We lack a long-term development plan. JMeter is still far from being a mature product, yet its development is mainly driven by bug-fixing and small functional enhancements. At the very least, we need to agree on a loose high-level end-user requirement list [I think I already have a document of this kind somewhere -- the one I used to select JMeter among other tools quite a few months ago].
I have lots of post-it notes here on my desk with ideas for improvements and new features I collected while using JMeter, reading postings in the user list and doing the refactorings I'm working on at the moment. Here is a small selection:

- make the workbench a real workbench where you create/record and test your tests and move them to your test plan as soon as they are working. This requires the possibility to run a single samplers/controller/thread group to check if your tests are working.

- "Server Sets" - it is very annoying at the moment to run your test plan against different servers (maintain different test plans or change the server variables manually each time you run a test). Therefore Server Sets: you define a test plan-global list of servers used in your tests, e.g. HTTPServer1, HTTPServer2, FTPServer. The samplers just hold the logical name of the server to use, e. g. HTTPServer1 for a HTTP request. A server set holds the concreate configuration for each server in the list. This way it is easy to maintain different configurations of test servers and you just select the server set you wish to use in a combo box before running the tests.

- make the xml format more readable for users. Sometimes I would like to change things in the xml because it takes 10 mouse clicks in the GUI to change a http request parameter somewhere deep in the tree. And if the format is readable you could even write your test plan without the JMeter GUI by just using an xml editor. I think this would be a cool feature for the JMeter power user.
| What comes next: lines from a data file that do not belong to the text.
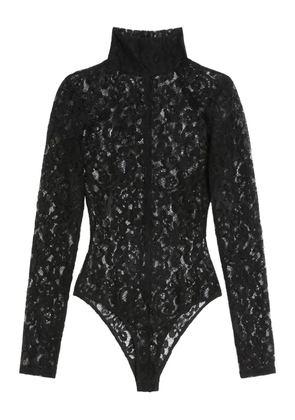 Valentino Garavani rebrodé lace bodysuit - Black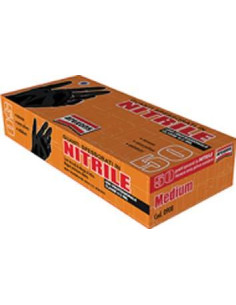 GUANTI NITRILE SPESSORATO MONOUSO AREXONS PZ.50 TAGLIA XL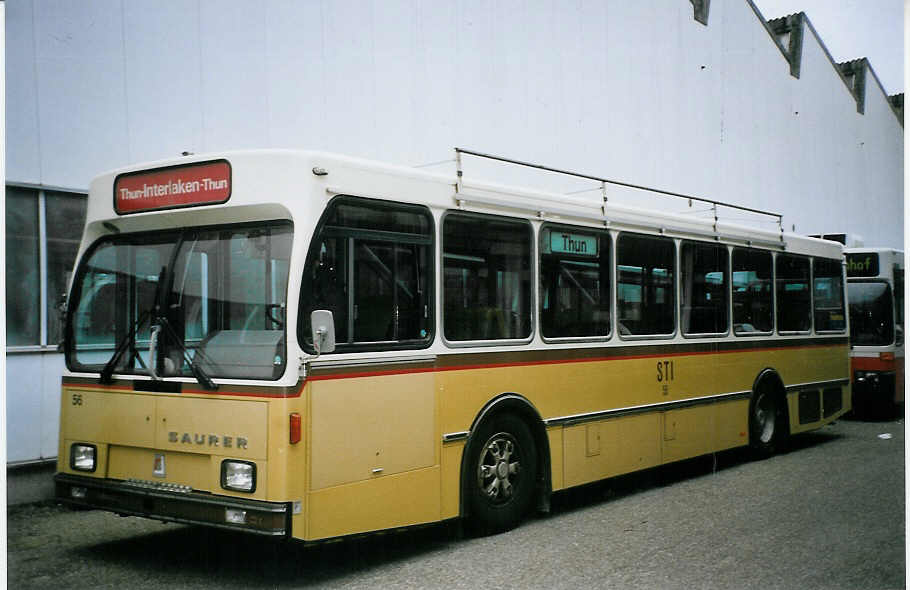 (074'008) - STI Thun - Nr. 56 - Saurer/R&J am 16. Januar 2005 in Biel, BTR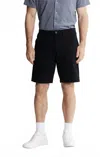 Jachs New York Stretch Twill Blend Chino Short In Black In Black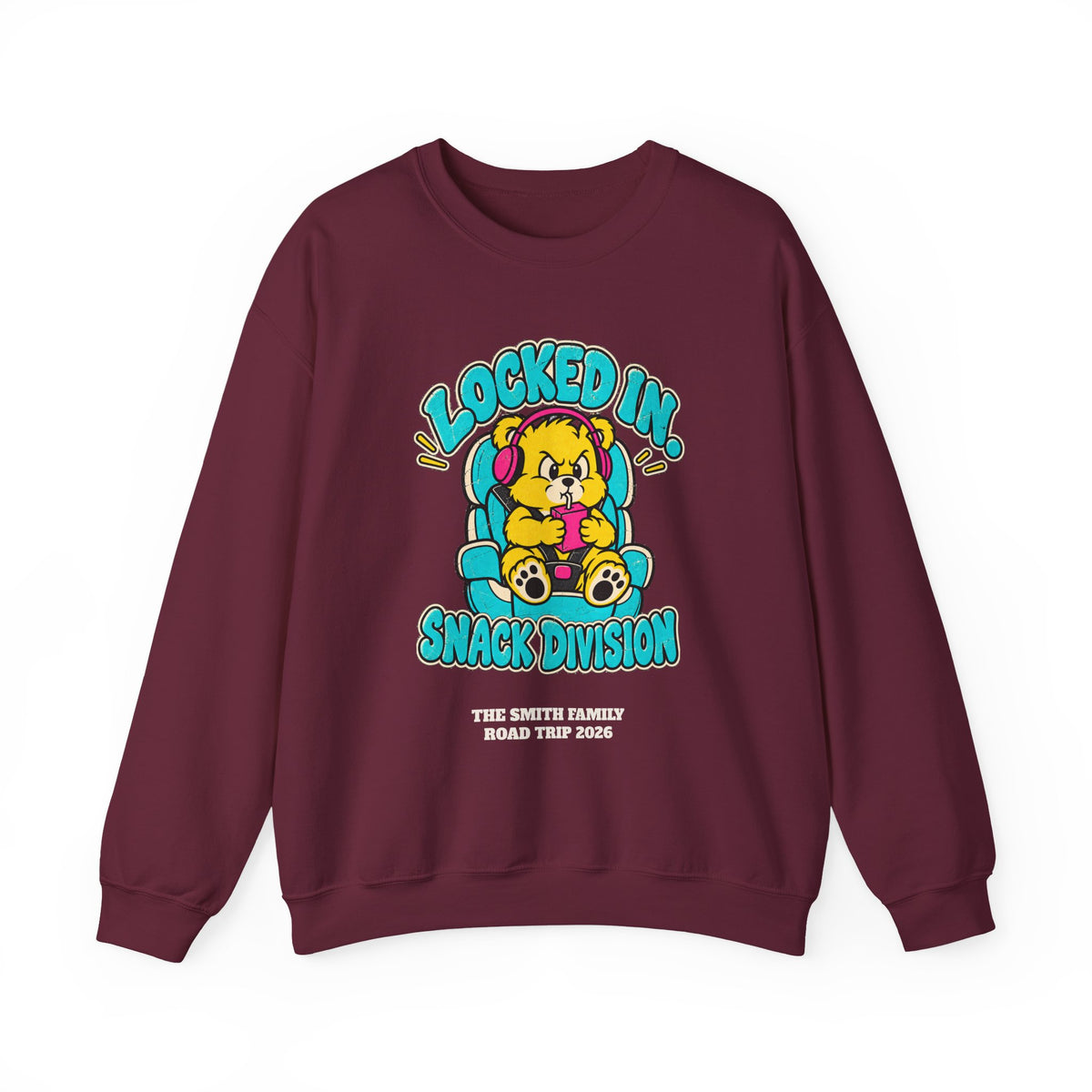 Custom Snack Division Road Trip Sweatshirt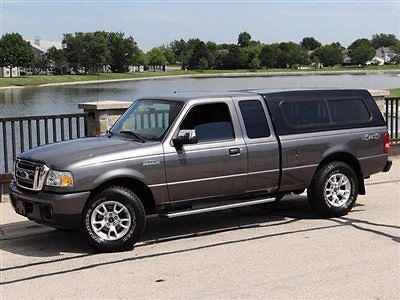 2011 ford ranger xlt 4x4 supercab only 35k miles! 1-owner! 4 doors! ultra clean!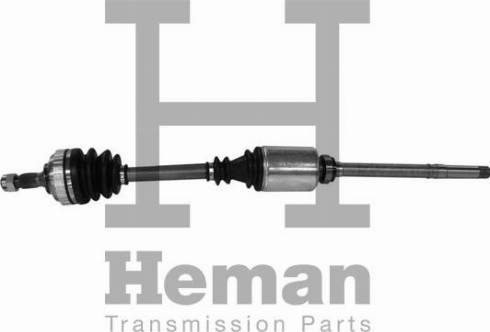 HEMAN TD71670 - Приводной вал autospares.lv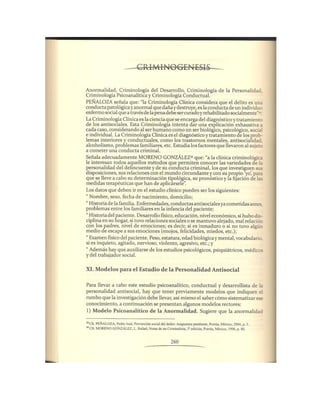 Criminología psicoanalítica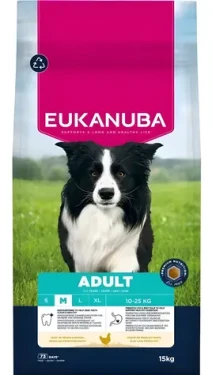 Eukanuba Premium Nutrition Adult Medium Chicken 15 kg / granule pro psy / pro střední plemena (1724-145916)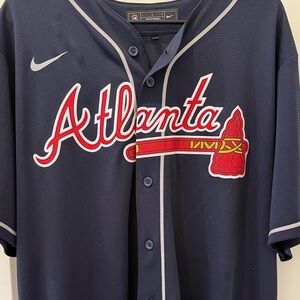 Nike Navy Blue Atlanta Jersey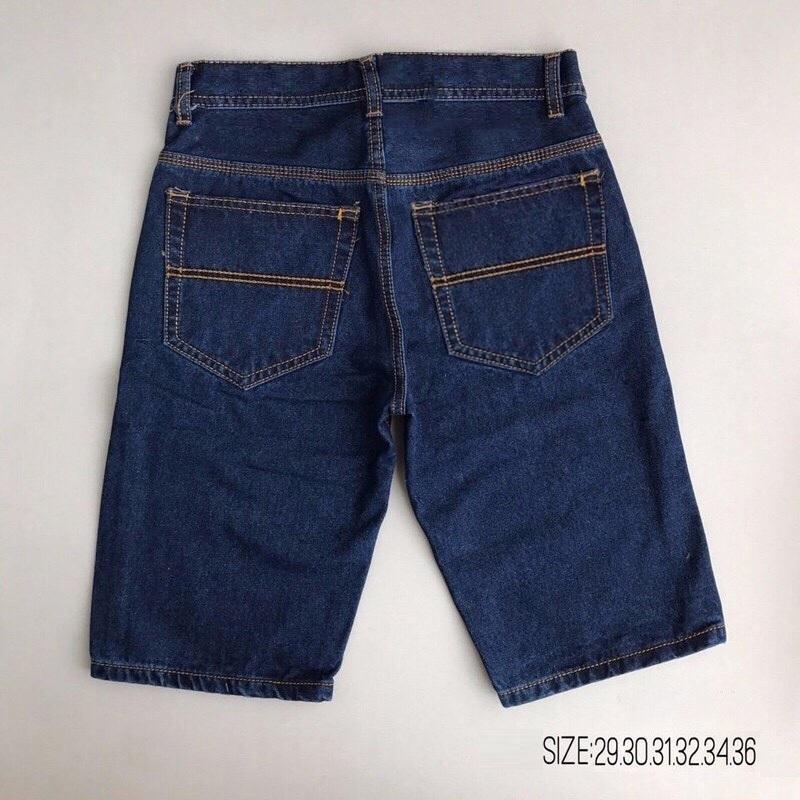 [Jean002] Quần short Jean Nam 03 màu cơ bản, quần đùi nam vải jean cotton mềm mịn form chuẩn đẹp KHÔNG COMBO,TẶNG KÈM.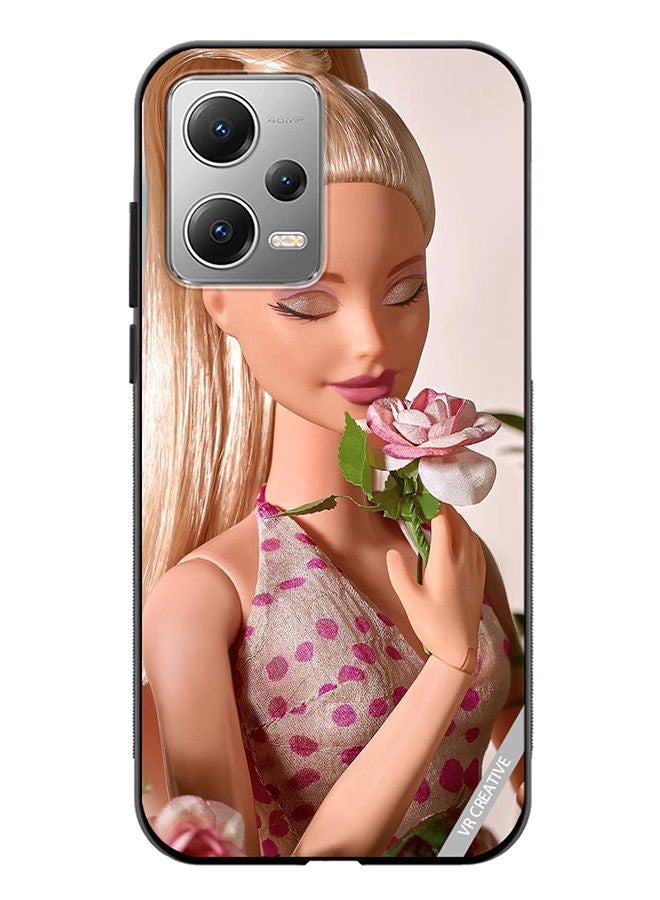 VR CREATIVE Protective Case Cover For Xiaomi Redmi Note 12 Pink Barbie Design Multicolour - Image 1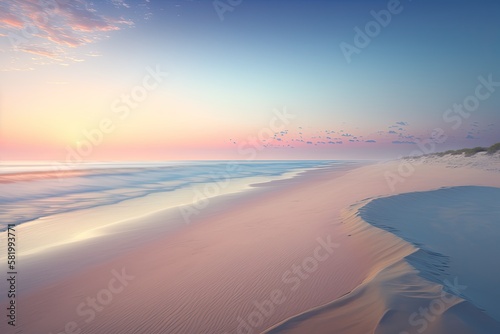 beach at sunset © Artificial Soul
- make remote testing easier to use. There are lots of postings in the user list from users who have problems to get their distributed JMeter servers up and running, and most of the problems are related to RMI and rmiregistry stuff. Perhaps we should think about not to use RMI but to do the communication between the JMeter master and the distributed agents on our own. It should be not too difficult to send serialized Java objects over a socket, and the user would just have to start JMeter in server mode. No RMI and rmiregistry he has never before heard of.